I just spent over an hour driving to get lunch. That included all the detours around flooded streets.
It's been raining for something on the order of 36 hours. According to the weather reports I've found, it's something on the order of 5 inches of rain, total. Dearborn has numerous streets that are curb deep in water, and intersections that are bumper deep. The city is shutting down roads, and a lot of the traffic lights are malfunctioning.
We apparently average 2-4" of precipitation a month. So this storm is all the rain for the month, even though I think we were probably behind for the year.
And this isn't the first storm this year that's caused similar issues. It's not even the first storm in the few years I've lived here (reference
melstav's car-turned-submarine that we spent my first summer here fixing).
Missouri, or at least the areas of it I've lived in, is much more hilly, and has a lot of rivers and lakes. It has the Mississippi River, and the Missouri River. And much bigger rain storms. About the only way to get flooding there is to have the rivers top the dams; the one time Rolla flooded the way Dearborn is flooding now, we'd had something like 8" of rain in an evening. St. Louis has a similar monthly rainfall to Detroit...the methods of dealing with the water are drastically different.

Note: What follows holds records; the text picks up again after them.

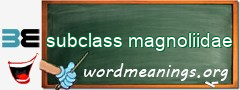 WordMeaning blackboard for subclass magnoliidae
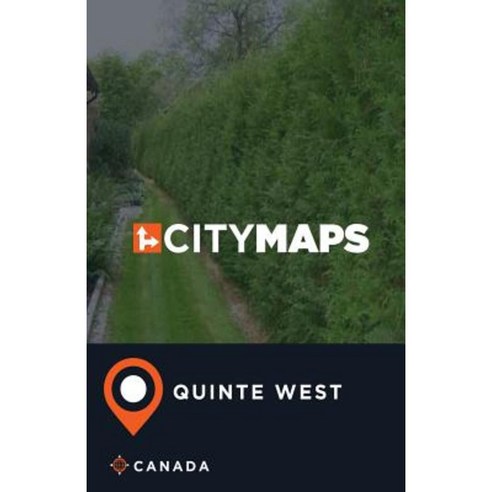 City Maps Quinte West Canada Paperback, Createspace Independent ...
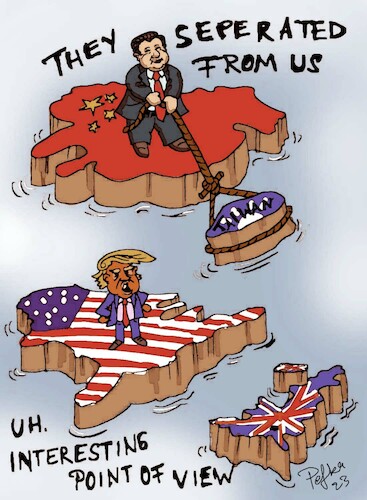 Cartoon: They seperated from us (medium) by pefka tagged taiwan,xi,trump,usa,england,uk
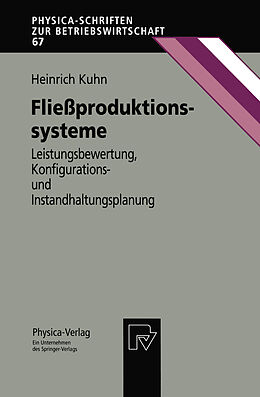 Kartonierter Einband Fließproduktionssysteme von Heinrich Kuhn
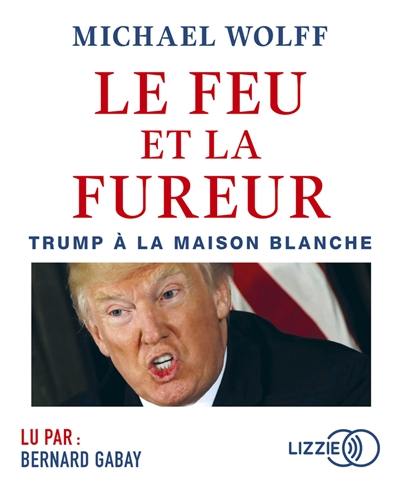 Le feu et la fureur : Trump à la Maison Blanche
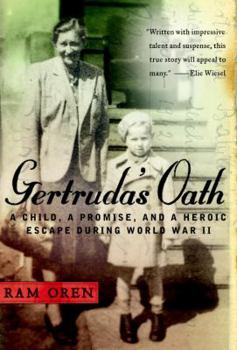 Hardcover Gertruda's Oath: A Child, a Promise, and a Heroic Escape During World War II Book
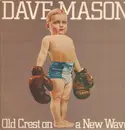 LP - Dave Mason - Old Crest On A New Wave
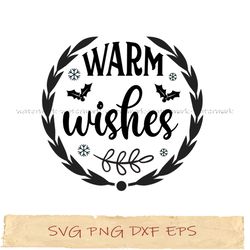 warm wishes svg, merry christmas svg, png cricut, file sublimation, instantdownload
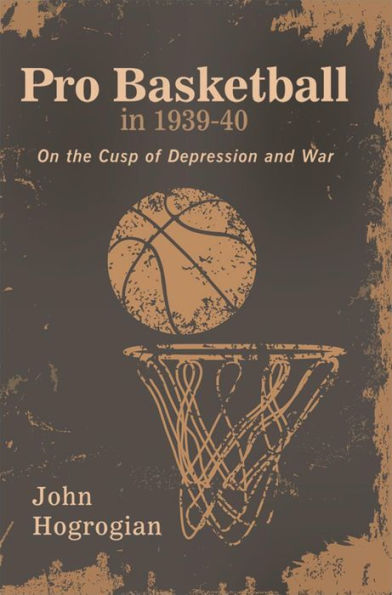 Professional Basketball in 1939-40: On the Cusp of Depression and War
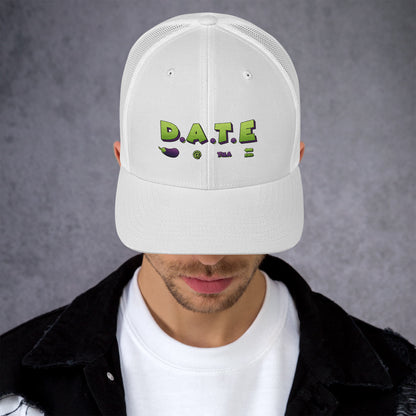 D.A.T.E Trucker Cap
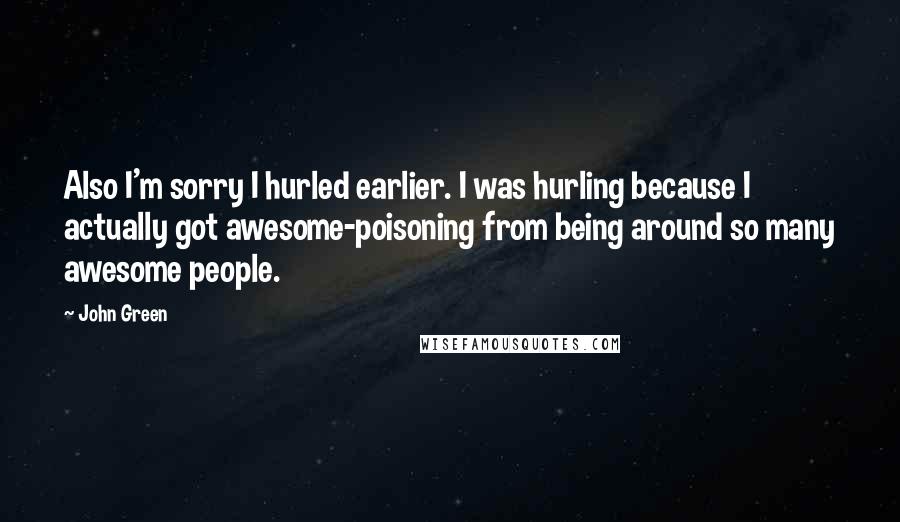 John Green Quotes: Also I'm sorry I hurled earlier. I was hurling because I actually got awesome-poisoning from being around so many awesome people.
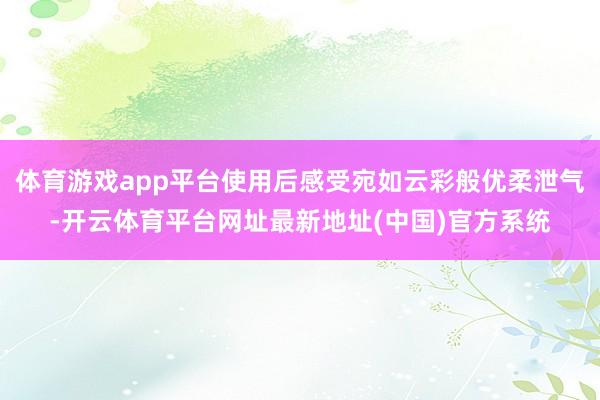 体育游戏app平台使用后感受宛如云彩般优柔泄气-开云体育平台网址最新地址(中国)官方系统
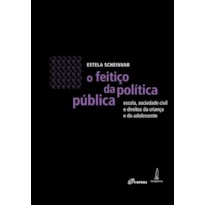 O FEITIÇO DA POLÍTICA PÚBLICA - ESCOLA, SOCIEDADE CIVIL E DIREITOS DA CRIANÇA E DO ADOLESCENTE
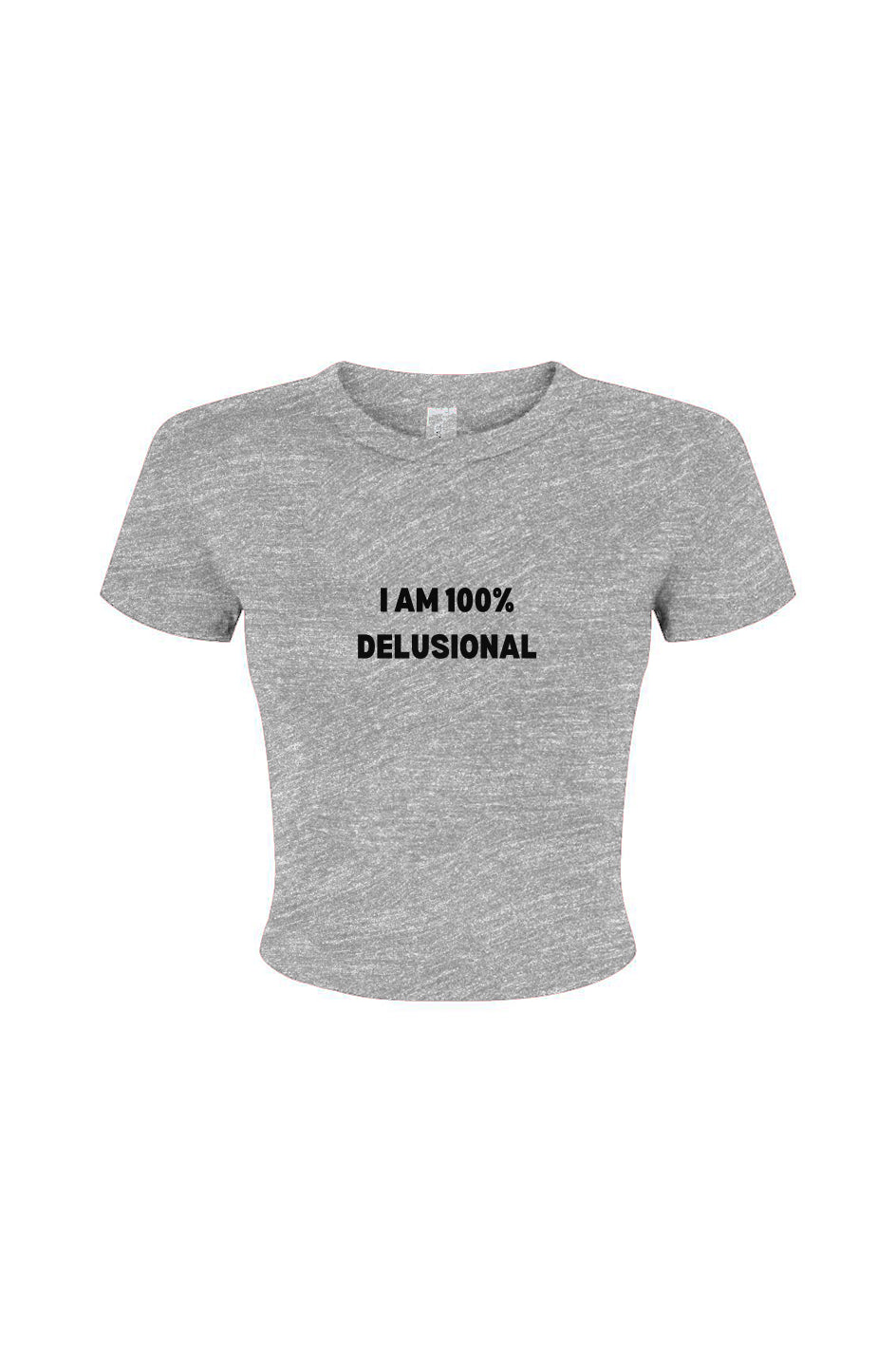 "I am 100% Delusional" - Baby tee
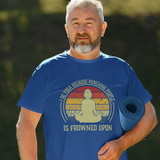 I Do Yoga Because Punching People is Frowned Upon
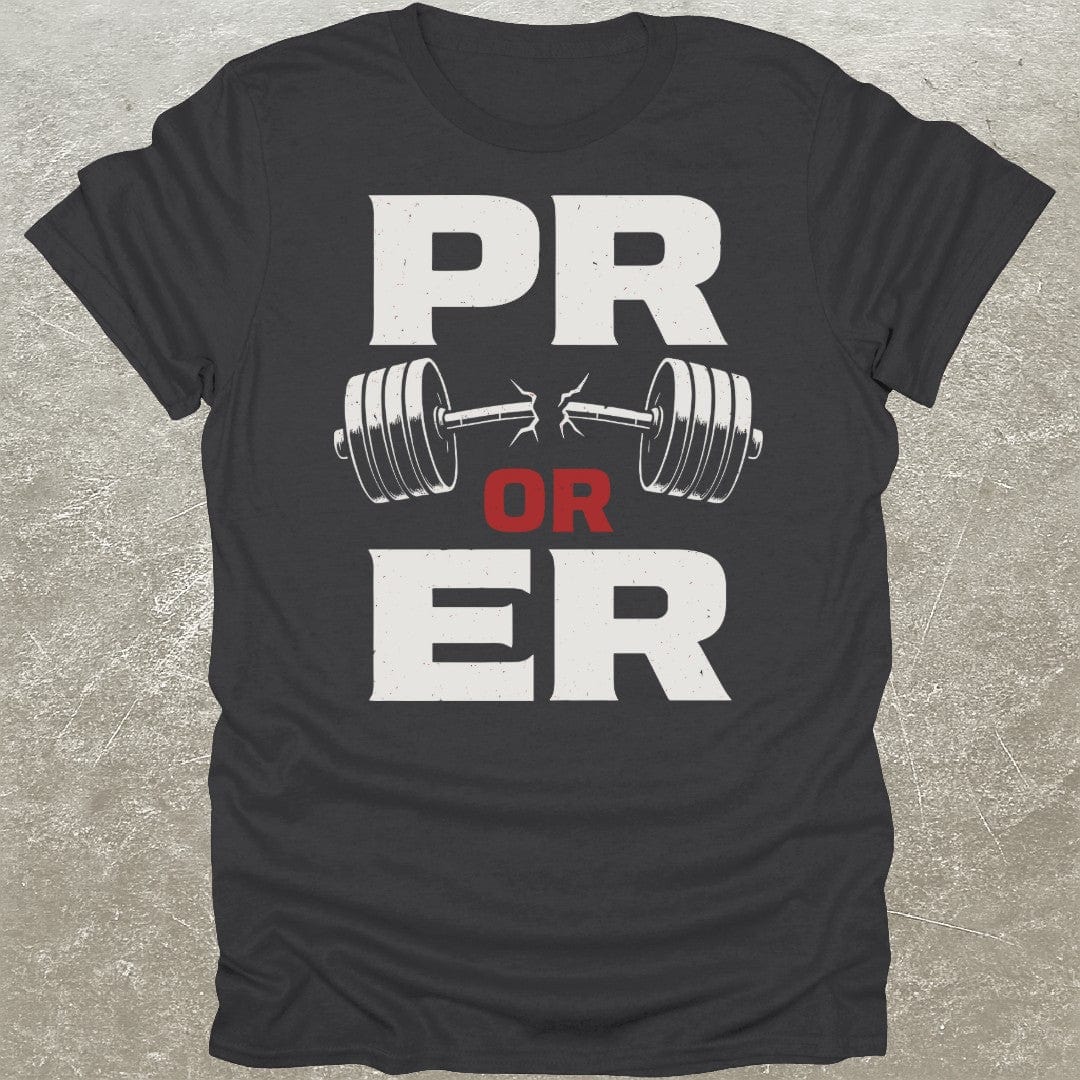 PR Or ER T-Shirt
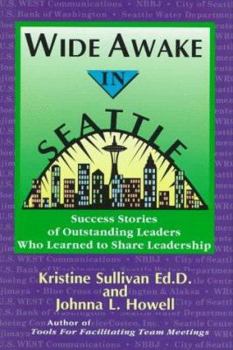 Paperback Wide Awake in Seattle: Success Stories of Outstanding Leaders Who Learned to Share Leadership Book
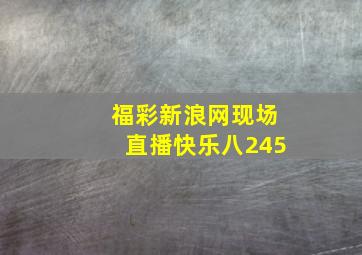 福彩新浪网现场直播快乐八245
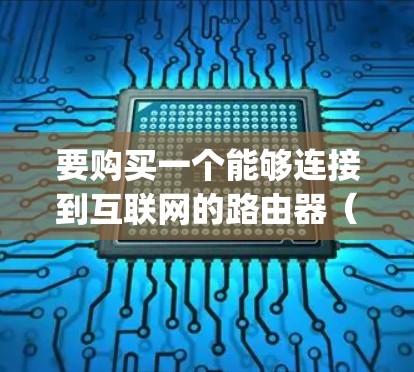 要购买一个能够连接到互联网的路由器(accelerating router)以下是一些实用的步骤和建议 要购买一个能够连接到互联网的路由器(accelerating router)以下是一些实用的步骤和建议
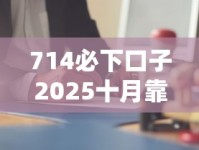 714必下口子2025十月靠谱吗？最新解析看这里！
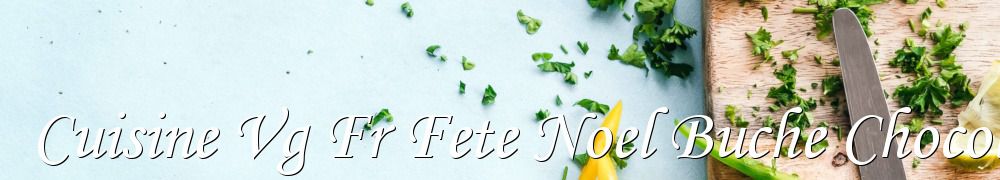 Recettes de Cuisine Vg Fr Fete Noel Buche Chocolat Vanille Poire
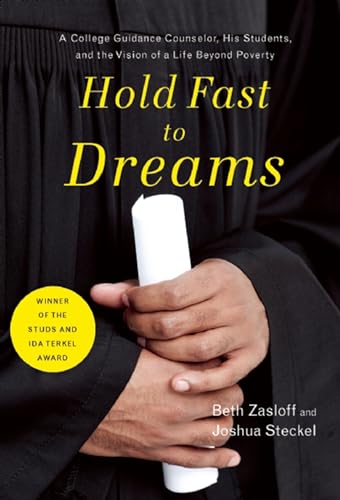 cover image Hold Fast to Dreams: A College Guidance Counselor, His Students, and the Vision of a Life Beyond Poverty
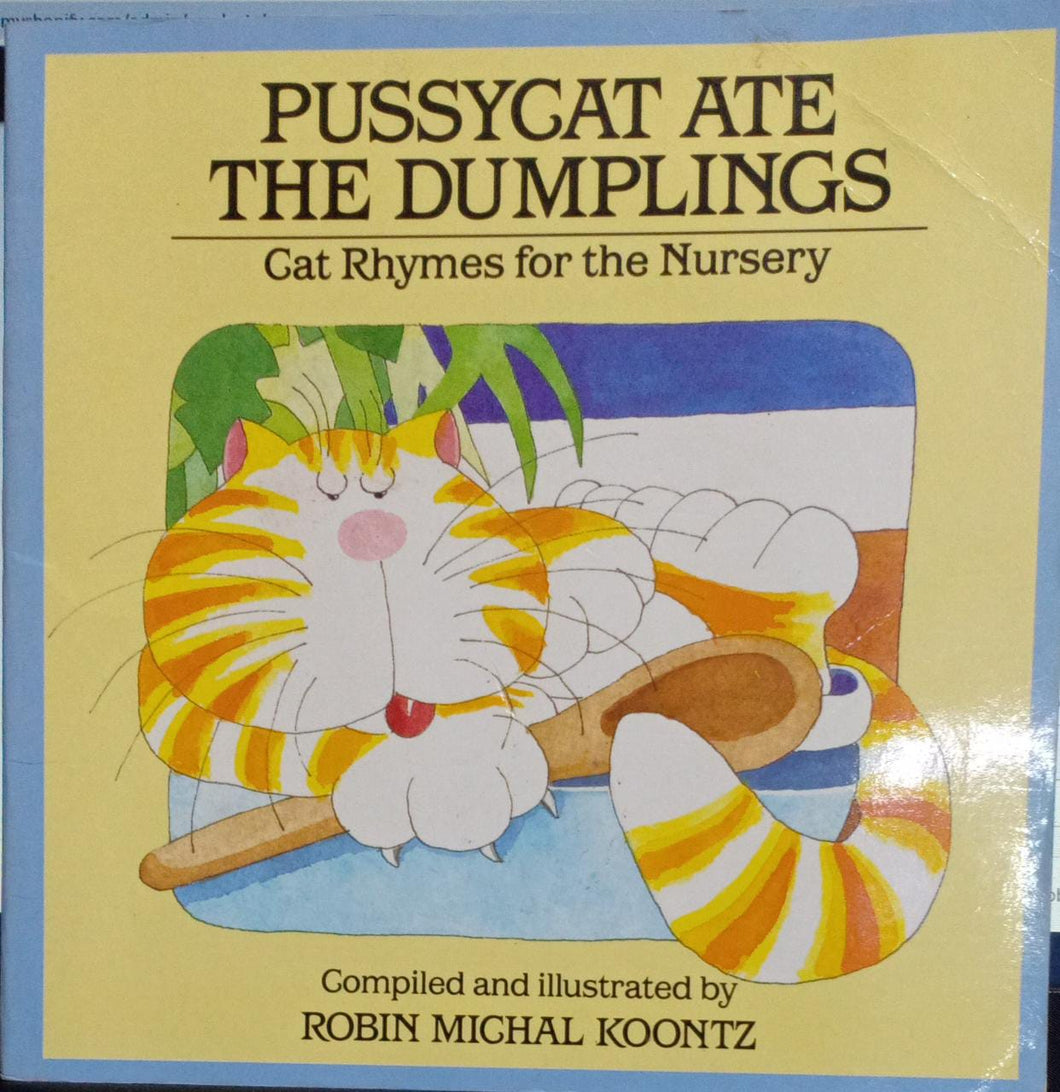 Pussycat Ate the Dumplings: Cat Rhymes for the Nursery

Baton Rouge averages 4-6 inches of rain a month; I was there during a storm that dropped us from 90 degrees to 30 degrees and dumped 6" of rain and 4 tornadoes in an afternoon. The roads are at sea level and yet they had only minimal flooding in that storm.
*shrugs*
Just seems strange to me that flooding is considered a normal occurrence here, when so many other places don't seem to think so.